Things have been a bit quiet for Dawn over the past year as it orbited Ceres once every 30 days at a distance between 2,800 and 24,300 miles (4,400 and 39,100 km), but now the aging craft is slowly moving into its final orbit. Its ion thruster is altering its trajectory in tiny increments until it reaches a point later this month where it will follow an elliptical orbit between 22 and 2,500 miles (35 and 4,000 km), taking 27 hours and 13 minutes.
NASA says this new, close-in orbit will allow the spacecraft to collect gamma ray and neutron spectra data that will provide new insights into the surface composition of Ceres, as well as much more detailed photos of features such as the Occator Crater and its highly reflective salt deposits.
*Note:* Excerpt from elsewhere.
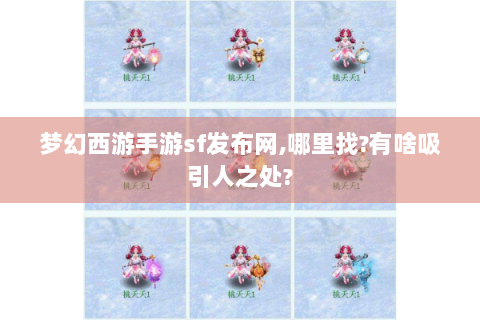 梦幻西游手游sf发布网,哪里找?有啥吸引人之处?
Though the orbital maneuver is slow, the space agency says that it's a tricky one that involved months of calculation of over 45,000 trajectories. This is because the reaction wheels that normally control Dawn's attitude are not operational, so the thrusters must be used as a backup, which complicates the calculations, as does the effect of Ceres' uneven mass and the fact that the spacecraft is not designed to work in such a low orbit.
This is further complicated by the fact that Dawn is 218 million miles (350 million km) from Earth, so a radio message takes 39 minutes to make a round trip. This means that the probe must make all its course corrections autonomously while still maintaining contact with mission control by keeping its radio antenna properly aligned.
"The team is eagerly awaiting the detailed composition and high-resolution imaging from the new, up-close examination," says Dawn's Principal Investigator Carol Raymond of NASA's Jet Propulsion Laboratory (JPL) in Pasadena, California. "These new high-resolution data allow us to test theories formulated from the previous data sets and discover new features of this fascinating dwarf planet."
Dawn was launched on September 27, 2007 from Cape Canaveral, Florida. After making a flyby of Mars on February 4, 2009 in a slingshot maneuver, it went into orbit around the protoplanet Vesta on July 16, 2011, where it carried out a 14-month survey of the surface. Its ion thruster then sent it on a three and a half year passage to Ceres, which it went into orbit around in 2015.